Summer 2006
22cm x 11.5 cm x 3.5cm
Description
An old threadbare lavender sachet resting on a bed of dried lavender in a rectangular box, fabric in shades of dark blues and greens, the inside painted in pure ultramarine blue pigment, purple ribbon.
Themes, Comments and Storylines
The lavender sachet belonged to a friend’s mother and was in a handkerchief box given to me. When the mother died, she was buried in a blue coffin, surrounded by the fabrics she loved and collected and bunches of lavender.
Shortly before she died, she told her textile stories to her daughter to pass them on to me together with some textile items to work with so they would not be lost.

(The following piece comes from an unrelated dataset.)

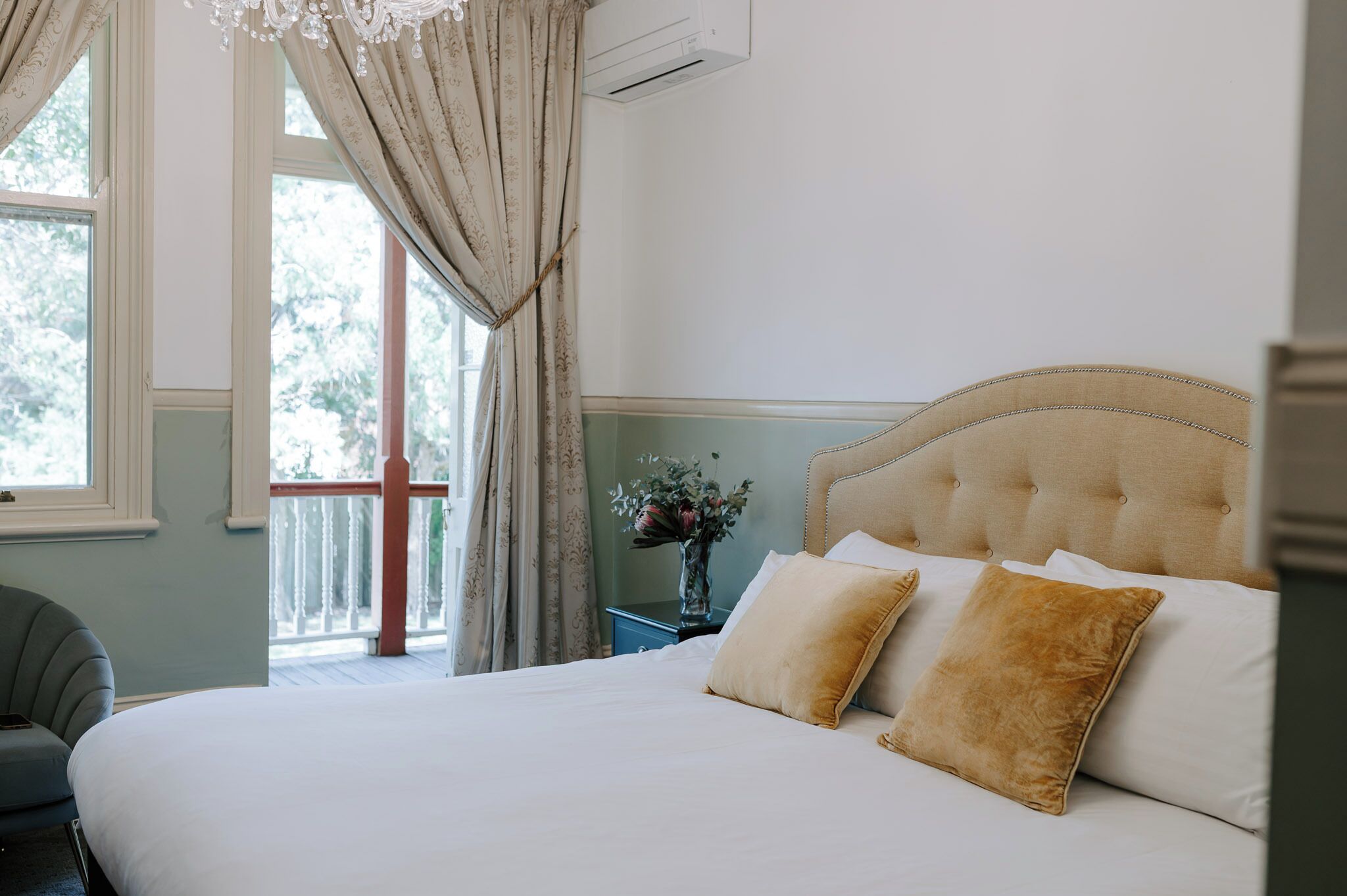 A bedroom with a large bed, a nightstand with a vase of flowers, and a window with curtains.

“Climbing into my grandmother's bed, which seemed very high and soft and smelled of lavender. The house was cold, but she had put a hot-water bottle in the bed, so the lavender scent mixed with the smell of the warm rubber bottle. Her sheets were brushed cotton, soft compared to ours at home.” BBC Radio 4 Memory Experience 2006
“Lavender is a shrubby plant indigenous to the mountainous regions of the countries bordering the western half of the Mediterranean, and cultivated extensively for its aromatic flowers in various parts of France, in Italy and in England and even as far north as Norway. It is also now being grown as a perfume plant in Australia.
The fragrant oil to which the odour of Lavender flowers is due is a valuable article of commerce, much used in perfumery, and to a lesser extent in medicine. The fine aromatic smell is found in all parts of the shrub, but the essential oil is only produced from the flowers and flower-stalks. Besides being grown for the production of this oil, Lavender is widely sold in the fresh state as 'bunched Lavender,' and as 'dried Lavender,' the flowers are used powdered, for sachet making and also for pot-pourri, etc., so that the plant is a considerable source of profit.”